Se aproximan tiempos --los de la conmemoración del bicentenario de la guerra de la Independencia-- ocasionados a la exhumación de viejos agravios del lado español en las relaciones entre ambos pueblos, a menudo más convencionales que sinceras y cordiales, a despecho de coyunturales colindancias políticas y retóricas declaraciones de amistad indesligable. El tributo de gratitud que, por parte española, debe rendirse a un país admirable, del que nos han venido tantas cosas buenas y con el que hemos hecho, por los caminos de la gran historia, innumerables jornadas en buena y fecunda compañía, no puede ocultar que la causa quizá principal de los males que atenazaron la vida de nuestra nación durante un ancho tramo de la edad contemporánea y provocaron su rezago en la marcha del progreso económico y social característico de dicho periodo, fue indiscutiblemente la invasión napoleónica. La desalmada decisión de un poder que aspiraba a ser cosmocrático, provocó la inicua muerte de centenares de miles de españoles sin otra culpa que la de amar a su patria hasta la inmolación. El balance de la empresa napoleónica no pudo ser más dañino para el porvenir de la nación. Las secuelas que dejó en todas sus fibras condujeron a la quiebra de su proceso evolutivo, la fractura de sus élites, la pérdida de su imperio y, en fin, a la eversión más completa, con el consiguiente e irremontable retraso cara a los grandes Estados de su entorno, entre ellos, naturalmente, y muy en primer término, la misma Francia. Frente a lo cual carece de significación el acierto de múltiples reformas de las realizadas por los afrancesados e impulsadas por aquel rey lleno de buena voluntad que fuera "El Intruso", José I, el hermano mayor del Emperador. Aun desechando con cajas destempladas cualquier tentación de incursionar por la llamada "historia virtual", tan de moda en el día, no es fantasioso imaginar que, sin la guerra de la Independencia, el reinado de Fernando VII hubiera sido, en líneas generales, positivo, pese a las innumerables taras del complejo personaje. El panorama socioeconómico ofrecido por el país en la fase políticamente más ennegrecida y reprobable de su gobierno --la ominosa década--, cuando, de la mano justamente de "tecnócratas" un punto o dos filoafrancesados en su juventud, el Estado recuperó, en una pésima coyuntura material, sus niveles de eficacia setecentista, así lo hace, desde luego, pensar.

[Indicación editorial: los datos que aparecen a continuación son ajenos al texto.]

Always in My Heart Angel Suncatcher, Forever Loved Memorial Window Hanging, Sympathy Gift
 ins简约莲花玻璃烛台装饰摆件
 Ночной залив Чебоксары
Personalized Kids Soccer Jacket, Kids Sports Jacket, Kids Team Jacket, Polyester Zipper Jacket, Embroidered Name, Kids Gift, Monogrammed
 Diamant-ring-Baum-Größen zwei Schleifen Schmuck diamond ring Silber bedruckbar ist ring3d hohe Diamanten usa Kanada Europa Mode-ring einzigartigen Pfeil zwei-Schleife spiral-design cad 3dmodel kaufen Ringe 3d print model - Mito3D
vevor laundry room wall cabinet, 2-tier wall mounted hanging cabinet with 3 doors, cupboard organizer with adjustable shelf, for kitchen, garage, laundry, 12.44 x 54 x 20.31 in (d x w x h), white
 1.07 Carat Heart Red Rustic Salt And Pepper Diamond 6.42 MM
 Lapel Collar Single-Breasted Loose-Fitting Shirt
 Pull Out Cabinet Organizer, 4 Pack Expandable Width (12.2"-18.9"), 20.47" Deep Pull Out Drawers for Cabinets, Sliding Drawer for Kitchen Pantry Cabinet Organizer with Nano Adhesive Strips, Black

Mas estos rescoldos de una memoria histórica que, sin olvidarla, ha de ser, como siempre, encauzada hacia metas de concordia y reconciliación, no debe llevar a alegrarse de la maltrecha situación en que ahora se encuentra y olvidar los muchos servicios prestados y el protagonismo esencial tenido por el país de San Vicente de Paúl y Voltaire, la Declaración del hombre y el ciudadano", y Camus. Durante largo tiempo fue frase estereotipada en libros y conversaciones que todo hombre tenía dos patrias: la suya y Francia. Solar por antonomasia de todos los exiliados del planeta hasta casi la actualidad más estricta, su devoción por las libertades e inimitable capacidad de transformarla en un discurso de notoria belleza y fuerza conceptual explica que "El Hexágono" fuera visto como tierra de promisión para todos aquellos forzados a abandonar su lugar de origen por persecuciones políticas y doctrinales. Pocos o ningún país presenta un saldo más favorable respecto a solidaridad y atención por los exiliados, acogidos por sus gentes con invariable respeto y, a menudo, comprensión. Hodierno, esta población extranjera tiene, afortunadamente, otra fuente. Acostumbrada a una inmigración en la que las motivaciones ideológicas se mezclaban de sólito con las económicas, la desaparición de las primeras con el consiguiente predominio de los laborales en unos extranjeros de filiación por lo común extraeuropea, ha provocado la aparición de una pulsión xenófoba en una nación de lentos reflejos para insertarse en el proceso de mundialización que da tono a la sociedad del siglo XXI.